DATA FOR PROCESSING below:

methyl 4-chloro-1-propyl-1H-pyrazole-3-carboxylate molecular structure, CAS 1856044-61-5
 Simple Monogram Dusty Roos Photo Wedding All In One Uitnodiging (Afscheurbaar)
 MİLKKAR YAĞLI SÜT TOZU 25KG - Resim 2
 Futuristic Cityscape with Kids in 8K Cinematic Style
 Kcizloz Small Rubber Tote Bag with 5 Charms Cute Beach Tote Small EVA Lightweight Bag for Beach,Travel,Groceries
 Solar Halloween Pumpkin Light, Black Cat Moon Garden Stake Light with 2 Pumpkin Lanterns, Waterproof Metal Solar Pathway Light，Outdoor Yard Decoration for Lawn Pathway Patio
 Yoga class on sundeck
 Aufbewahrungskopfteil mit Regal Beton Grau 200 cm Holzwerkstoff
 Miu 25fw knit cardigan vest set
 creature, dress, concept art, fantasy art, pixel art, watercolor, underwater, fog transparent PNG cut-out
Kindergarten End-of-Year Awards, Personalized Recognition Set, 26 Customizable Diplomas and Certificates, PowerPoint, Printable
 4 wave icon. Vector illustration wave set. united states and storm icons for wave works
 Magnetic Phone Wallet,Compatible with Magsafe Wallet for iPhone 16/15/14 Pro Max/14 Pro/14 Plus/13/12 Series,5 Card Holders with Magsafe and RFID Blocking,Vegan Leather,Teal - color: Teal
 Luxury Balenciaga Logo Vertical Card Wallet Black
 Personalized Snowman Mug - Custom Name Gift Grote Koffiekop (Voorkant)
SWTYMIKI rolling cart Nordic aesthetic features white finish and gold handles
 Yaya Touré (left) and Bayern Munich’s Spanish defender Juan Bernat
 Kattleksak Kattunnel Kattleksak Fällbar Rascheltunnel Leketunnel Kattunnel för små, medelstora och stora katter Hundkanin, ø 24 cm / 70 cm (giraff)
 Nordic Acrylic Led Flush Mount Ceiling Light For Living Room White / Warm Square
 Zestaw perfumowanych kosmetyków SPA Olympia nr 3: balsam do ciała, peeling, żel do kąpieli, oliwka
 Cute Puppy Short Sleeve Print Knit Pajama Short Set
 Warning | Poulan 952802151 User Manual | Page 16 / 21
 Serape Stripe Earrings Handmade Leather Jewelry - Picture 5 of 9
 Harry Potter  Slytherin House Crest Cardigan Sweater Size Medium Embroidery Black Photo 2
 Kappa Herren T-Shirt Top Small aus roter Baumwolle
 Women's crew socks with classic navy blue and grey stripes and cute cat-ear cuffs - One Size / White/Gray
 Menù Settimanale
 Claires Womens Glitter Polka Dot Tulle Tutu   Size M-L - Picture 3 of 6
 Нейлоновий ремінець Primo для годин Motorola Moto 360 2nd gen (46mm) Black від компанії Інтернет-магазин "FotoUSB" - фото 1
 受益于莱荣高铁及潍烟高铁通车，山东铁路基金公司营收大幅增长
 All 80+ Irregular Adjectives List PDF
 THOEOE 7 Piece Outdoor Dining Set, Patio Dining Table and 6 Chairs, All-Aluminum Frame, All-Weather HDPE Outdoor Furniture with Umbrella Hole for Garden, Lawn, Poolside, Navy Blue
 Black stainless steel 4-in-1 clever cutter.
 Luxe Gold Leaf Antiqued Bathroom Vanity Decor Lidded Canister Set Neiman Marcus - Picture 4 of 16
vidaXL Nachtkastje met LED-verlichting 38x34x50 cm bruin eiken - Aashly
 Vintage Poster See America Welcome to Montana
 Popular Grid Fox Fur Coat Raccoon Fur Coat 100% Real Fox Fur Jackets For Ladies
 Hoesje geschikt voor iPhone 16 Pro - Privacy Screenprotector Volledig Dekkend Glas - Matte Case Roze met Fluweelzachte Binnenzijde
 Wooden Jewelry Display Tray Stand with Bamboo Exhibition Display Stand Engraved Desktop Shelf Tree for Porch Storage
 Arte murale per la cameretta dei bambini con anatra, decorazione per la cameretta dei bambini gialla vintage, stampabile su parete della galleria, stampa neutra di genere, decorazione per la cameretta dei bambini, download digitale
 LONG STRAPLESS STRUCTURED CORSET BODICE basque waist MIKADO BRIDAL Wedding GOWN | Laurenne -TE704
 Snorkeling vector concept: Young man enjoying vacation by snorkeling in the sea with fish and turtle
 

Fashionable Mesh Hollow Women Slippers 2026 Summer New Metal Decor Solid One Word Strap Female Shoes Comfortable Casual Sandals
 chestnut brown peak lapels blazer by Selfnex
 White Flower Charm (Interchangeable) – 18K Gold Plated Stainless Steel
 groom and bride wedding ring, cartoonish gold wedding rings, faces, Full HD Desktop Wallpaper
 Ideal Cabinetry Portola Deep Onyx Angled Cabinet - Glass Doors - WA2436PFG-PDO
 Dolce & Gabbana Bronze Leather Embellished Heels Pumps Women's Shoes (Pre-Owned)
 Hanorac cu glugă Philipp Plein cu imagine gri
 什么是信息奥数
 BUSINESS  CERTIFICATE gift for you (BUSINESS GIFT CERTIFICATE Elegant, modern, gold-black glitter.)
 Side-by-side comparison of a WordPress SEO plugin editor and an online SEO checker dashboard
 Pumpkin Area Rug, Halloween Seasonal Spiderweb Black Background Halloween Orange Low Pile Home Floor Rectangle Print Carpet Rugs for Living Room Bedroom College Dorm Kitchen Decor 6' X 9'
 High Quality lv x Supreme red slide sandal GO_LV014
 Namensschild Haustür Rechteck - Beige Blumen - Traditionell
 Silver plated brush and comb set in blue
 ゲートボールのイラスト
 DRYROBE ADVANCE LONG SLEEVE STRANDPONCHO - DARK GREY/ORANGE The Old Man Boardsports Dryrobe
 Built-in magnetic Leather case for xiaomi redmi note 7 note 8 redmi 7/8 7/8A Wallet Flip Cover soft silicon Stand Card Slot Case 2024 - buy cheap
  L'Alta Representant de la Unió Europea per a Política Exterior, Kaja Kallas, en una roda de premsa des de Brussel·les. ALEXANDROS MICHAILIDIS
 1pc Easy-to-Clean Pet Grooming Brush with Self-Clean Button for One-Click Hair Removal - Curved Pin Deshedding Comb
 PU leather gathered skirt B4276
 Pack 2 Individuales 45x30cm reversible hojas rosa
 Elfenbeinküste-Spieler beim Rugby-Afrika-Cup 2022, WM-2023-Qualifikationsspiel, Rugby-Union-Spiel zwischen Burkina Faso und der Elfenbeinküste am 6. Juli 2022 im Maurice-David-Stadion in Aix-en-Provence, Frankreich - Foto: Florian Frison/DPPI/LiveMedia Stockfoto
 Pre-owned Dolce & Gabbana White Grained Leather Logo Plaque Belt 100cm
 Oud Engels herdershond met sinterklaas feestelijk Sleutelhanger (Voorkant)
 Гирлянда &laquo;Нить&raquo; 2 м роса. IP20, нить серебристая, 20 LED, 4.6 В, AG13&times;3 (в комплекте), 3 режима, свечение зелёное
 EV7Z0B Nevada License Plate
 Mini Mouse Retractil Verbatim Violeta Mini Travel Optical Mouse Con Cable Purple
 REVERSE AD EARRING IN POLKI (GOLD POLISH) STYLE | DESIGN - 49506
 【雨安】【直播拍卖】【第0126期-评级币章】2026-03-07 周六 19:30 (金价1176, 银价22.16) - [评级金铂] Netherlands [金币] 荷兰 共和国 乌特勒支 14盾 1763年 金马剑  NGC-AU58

End of DATA FOR PROCESSING.

Your task is to restate every record exactly.

methyl 4-chloro-1-propyl-1H-pyrazole-3-carboxylate molecular structure, CAS 1856044-61-5
 Simple Monogram Dusty Roos Photo Wedding All In One Uitnodiging (Afscheurbaar)
 MİLKKAR YAĞLI SÜT TOZU 25KG - Resim 2
 Futuristic Cityscape with Kids in 8K Cinematic Style
 Kcizloz Small Rubber Tote Bag with 5 Charms Cute Beach Tote Small EVA Lightweight Bag for Beach,Travel,Groceries
 Solar Halloween Pumpkin Light, Black Cat Moon Garden Stake Light with 2 Pumpkin Lanterns, Waterproof Metal Solar Pathway Light，Outdoor Yard Decoration for Lawn Pathway Patio
 Yoga class on sundeck
 Aufbewahrungskopfteil mit Regal Beton Grau 200 cm Holzwerkstoff
 Miu 25fw knit cardigan vest set
 creature, dress, concept art, fantasy art, pixel art, watercolor, underwater, fog transparent PNG cut-out
Kindergarten End-of-Year Awards, Personalized Recognition Set, 26 Customizable Diplomas and Certificates, PowerPoint, Printable
 4 wave icon. Vector illustration wave set. united states and storm icons for wave works
 Magnetic Phone Wallet,Compatible with Magsafe Wallet for iPhone 16/15/14 Pro Max/14 Pro/14 Plus/13/12 Series,5 Card Holders with Magsafe and RFID Blocking,Vegan Leather,Teal - color: Teal
 Luxury Balenciaga Logo Vertical Card Wallet Black
 Personalized Snowman Mug - Custom Name Gift Grote Koffiekop (Voorkant)
SWTYMIKI rolling cart Nordic aesthetic features white finish and gold handles
 Yaya Touré (left) and Bayern Munich’s Spanish defender Juan Bernat
 Kattleksak Kattunnel Kattleksak Fällbar Rascheltunnel Leketunnel Kattunnel för små, medelstora och stora katter Hundkanin, ø 24 cm / 70 cm (giraff)
 Nordic Acrylic Led Flush Mount Ceiling Light For Living Room White / Warm Square
 Zestaw perfumowanych kosmetyków SPA Olympia nr 3: balsam do ciała, peeling, żel do kąpieli, oliwka
 Cute Puppy Short Sleeve Print Knit Pajama Short Set
 Warning | Poulan 952802151 User Manual | Page 16 / 21
 Serape Stripe Earrings Handmade Leather Jewelry - Picture 5 of 9
 Harry Potter  Slytherin House Crest Cardigan Sweater Size Medium Embroidery Black Photo 2
 Kappa Herren T-Shirt Top Small aus roter Baumwolle
 Women's crew socks with classic navy blue and grey stripes and cute cat-ear cuffs - One Size / White/Gray
 Menù Settimanale
 Claires Womens Glitter Polka Dot Tulle Tutu   Size M-L - Picture 3 of 6
 Нейлоновий ремінець Primo для годин Motorola Moto 360 2nd gen (46mm) Black від компанії Інтернет-магазин "FotoUSB" - фото 1
 受益于莱荣高铁及潍烟高铁通车，山东铁路基金公司营收大幅增长
 All 80+ Irregular Adjectives List PDF
 THOEOE 7 Piece Outdoor Dining Set, Patio Dining Table and 6 Chairs, All-Aluminum Frame, All-Weather HDPE Outdoor Furniture with Umbrella Hole for Garden, Lawn, Poolside, Navy Blue
 Black stainless steel 4-in-1 clever cutter.
 Luxe Gold Leaf Antiqued Bathroom Vanity Decor Lidded Canister Set Neiman Marcus - Picture 4 of 16
vidaXL Nachtkastje met LED-verlichting 38x34x50 cm bruin eiken - Aashly
 Vintage Poster See America Welcome to Montana
 Popular Grid Fox Fur Coat Raccoon Fur Coat 100% Real Fox Fur Jackets For Ladies
 Hoesje geschikt voor iPhone 16 Pro - Privacy Screenprotector Volledig Dekkend Glas - Matte Case Roze met Fluweelzachte Binnenzijde
 Wooden Jewelry Display Tray Stand with Bamboo Exhibition Display Stand Engraved Desktop Shelf Tree for Porch Storage
 Arte murale per la cameretta dei bambini con anatra, decorazione per la cameretta dei bambini gialla vintage, stampabile su parete della galleria, stampa neutra di genere, decorazione per la cameretta dei bambini, download digitale
 LONG STRAPLESS STRUCTURED CORSET BODICE basque waist MIKADO BRIDAL Wedding GOWN | Laurenne -TE704
 Snorkeling vector concept: Young man enjoying vacation by snorkeling in the sea with fish and turtle
 

Fashionable Mesh Hollow Women Slippers 2026 Summer New Metal Decor Solid One Word Strap Female Shoes Comfortable Casual Sandals
 chestnut brown peak lapels blazer by Selfnex
 White Flower Charm (Interchangeable) – 18K Gold Plated Stainless Steel
 groom and bride wedding ring, cartoonish gold wedding rings, faces, Full HD Desktop Wallpaper
 Ideal Cabinetry Portola Deep Onyx Angled Cabinet - Glass Doors - WA2436PFG-PDO
 Dolce & Gabbana Bronze Leather Embellished Heels Pumps Women's Shoes (Pre-Owned)
 Hanorac cu glugă Philipp Plein cu imagine gri
 什么是信息奥数
 BUSINESS  CERTIFICATE gift for you (BUSINESS GIFT CERTIFICATE Elegant, modern, gold-black glitter.)
 Side-by-side comparison of a WordPress SEO plugin editor and an online SEO checker dashboard
 Pumpkin Area Rug, Halloween Seasonal Spiderweb Black Background Halloween Orange Low Pile Home Floor Rectangle Print Carpet Rugs for Living Room Bedroom College Dorm Kitchen Decor 6' X 9'
 High Quality lv x Supreme red slide sandal GO_LV014
 Namensschild Haustür Rechteck - Beige Blumen - Traditionell
 Silver plated brush and comb set in blue
 ゲートボールのイラスト
 DRYROBE ADVANCE LONG SLEEVE STRANDPONCHO - DARK GREY/ORANGE The Old Man Boardsports Dryrobe
 Built-in magnetic Leather case for xiaomi redmi note 7 note 8 redmi 7/8 7/8A Wallet Flip Cover soft silicon Stand Card Slot Case 2024 - buy cheap
  L'Alta Representant de la Unió Europea per a Política Exterior, Kaja Kallas, en una roda de premsa des de Brussel·les. ALEXANDROS MICHAILIDIS
 1pc Easy-to-Clean Pet Grooming Brush with Self-Clean Button for One-Click Hair Removal - Curved Pin Deshedding Comb
 PU leather gathered skirt B4276
 Pack 2 Individuales 45x30cm reversible hojas rosa
 Elfenbeinküste-Spieler beim Rugby-Afrika-Cup 2022, WM-2023-Qualifikationsspiel, Rugby-Union-Spiel zwischen Burkina Faso und der Elfenbeinküste am 6. Juli 2022 im Maurice-David-Stadion in Aix-en-Provence, Frankreich - Foto: Florian Frison/DPPI/LiveMedia Stockfoto
 Pre-owned Dolce & Gabbana White Grained Leather Logo Plaque Belt 100cm
 Oud Engels herdershond met sinterklaas feestelijk Sleutelhanger (Voorkant)
 Гирлянда &laquo;Нить&raquo; 2 м роса. IP20, нить серебристая, 20 LED, 4.6 В, AG13&times;3 (в комплекте), 3 режима, свечение зелёное
 EV7Z0B Nevada License Plate
 Mini Mouse Retractil Verbatim Violeta Mini Travel Optical Mouse Con Cable Purple
 REVERSE AD EARRING IN POLKI (GOLD POLISH) STYLE | DESIGN - 49506
 【雨安】【直播拍卖】【第0126期-评级币章】2026-03-07 周六 19:30 (金价1176, 银价22.16) - [评级金铂] Netherlands [金币] 荷兰 共和国 乌特勒支 14盾 1763年 金马剑  NGC-AU58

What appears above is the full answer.